Environmental variables: Meteorological data were obtained from a Chinese surface weather station (Station ID: 57957) located approximately 30 km from the construction site. The dataset includes ambient temperature, precipitation, wind speed, humidity, cloud cover, and various components of solar radiation.

(3)

Finite element simulation data: Temperature values at each monitoring point over the same time span were simulated using ANSYS 2024 R1 software through the finite element method, serving as physics-based benchmarks for subsequent comparisons.

2.2. Physics-Based Finite Element Simulation

2.2.1. Governing Equations and Heat Source Model

To establish a conventional first-principles-based benchmark, transient thermal analysis was performed using the commercial finite element software ANSYS Mechanical (2024 R1) [35,36]. A three-dimensional geometric model matching the actual dimensions of the monitored mass concrete structure was created to simulate the temporal evolution of internal temperature. The simulation follows Fourier’s law of heat conduction, with the transient heat diffusion equation serving as both the governing equation and the model for the heat source [37,38].

$$T\left(t\right)=T_{\infty }(1-e^{-a{t}^b})$$

(1)

2.2.2. Model Development and Solution

Considering the structural symmetry, a quarter-scale, three-dimensional finite element model was developed. The model employed SOLID70 elements, which are eight-node, three-dimensional isoparametric thermal elements with a single temperature degree of freedom at each node [39,40] (Figure 3a). Following a mesh convergence study, a mesh size of 0.2 m was determined, resulting in a model comprising 9430 elements and 42,618 nodes (Figure 3b). Combined boundary conditions accounting for convection and radiation were applied to the external surfaces, with field-measured ambient temperatures serving as boundary inputs. The specific values of convection coefficients and radiation constants are detailed in

Table 1. Thermal and mechanical properties of the concrete for the FEM model.

Item	Value
Specific heat ($\mathrm{k}\mathrm{J}{\mathrm{kg}}^{-1}°{\mathrm{C}}^{-1}$)	0.98
Density ($\mathrm{k}\mathrm{g}{\mathrm{m}}^{-3}$)	2425
Thermal conductivity ($\mathrm{k}\mathrm{J}{\mathrm{m}}^{-1}{\mathrm{h}}^{-1}°{\mathrm{C}}^{-1}$)	9.32
Convection coefficient (outside) ($\mathrm{k}\mathrm{J}{\mathrm{m}}^{-2}{\mathrm{h}}^{-1}°{\mathrm{C}}^{-1}$)	45
Convection coefficient (inside) ($\mathrm{k}\mathrm{J}{\mathrm{m}}^{-2}{\mathrm{h}}^{-1}°{\mathrm{C}}^{-1}$)	35
Thermal expansion coefficient ($°\mathrm{C}$)	1.0 × 10−5
Poisson’s ratio	0.17
Coefficient of thermal heat source function	$Q_{\infty }=320\mathrm{k}\mathrm{J}{\mathrm{kg}}^{-1}$, $a=0.69$, $b=0.56$

.

2.3. Exploratory Data Analysis: Quantifying Nonlinearity and Time Lag

2.3.1. Nonlinear Relationship Metric: Maximal Information Coefficient (MIC)
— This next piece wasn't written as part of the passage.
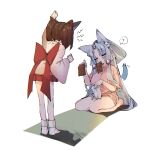  2girls absurdres aburaage alternate_costume animal_ears arm_up back_bow blade blush bow breasts brown_hair chromatic_aberration clenched_hands closed_eyes commentary_request facing_another facing_away food food_in_mouth fox_ears fox_girl full_body grey_hair half_updo headgear highres holding holding_food japanese_clothes kimono large_breasts leaning_forward long_hair mouth_hold multiple_girls nape nhk_(voiceroid) okusuri_nometane parted_bangs pink_shirt pleated_skirt raised_eyebrows red_skirt screentones shirt short_kimono short_sleeves shout_lines sidelocks sitting skirt standing t-shirt tabi touhoku_itako touhoku_kiritan very_long_hair voiceroid wariza white_background white_kimono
To comprehensively evaluate both linear and nonlinear correlations between variables, the Maximal Information Coefficient (MIC) was employed in this study. The MIC assesses association strength by computing the mutual information $I(X;Y)$ between two variables ($X,Y$) and normalizing it [41]. The fundamental approach involves discretizing the two variables in a two-dimensional space and representing them as a scatter plot. This two-dimensional space is partitioned into intervals along both x and y directions, and the dispersion of points within each grid cell is examined to facilitate the calculation of mutual information. The MIC analysis was implemented using the minepy library in Python 3.11.

The constraint $a\times b<B$ is imposed, with B set to approximately 0.6 times the sample size following the original methodology.

$$\mathrm{MIC}(X;Y)=\underset{a\times b<B}{max}{\displaystyle \frac{I(X;Y)}{{log}_2(min(a,b))}}$$

(2)

2.3.2. Analysis Procedure

The analytical workflow was structured as follows: First, a standard Pearson correlation coefficient matrix was generated for the entire dataset to obtain an overall perspective of linear relationships among variables. To further validate the hypothesis of a “two-stage” physical process from a data-driven perspective, the dataset was partitioned into two subsets using the moment when the measured core temperature reached its peak value as the splitting point, creating Stage I (heating stage) and Stage II (cooling stage). Pearson correlation analysis was performed independently on each subset to reveal differences in the dominant driving mechanisms between the two stages. Subsequently, to explore nonlinear relationships, the Maximal Information Coefficient (MIC) was introduced and compared with the Pearson correlation coefficient. Finally, time lag analysis was conducted using MIC by calculating MIC values across different lag steps to determine the optimal time delays for each environmental variable’s influence on core temperature.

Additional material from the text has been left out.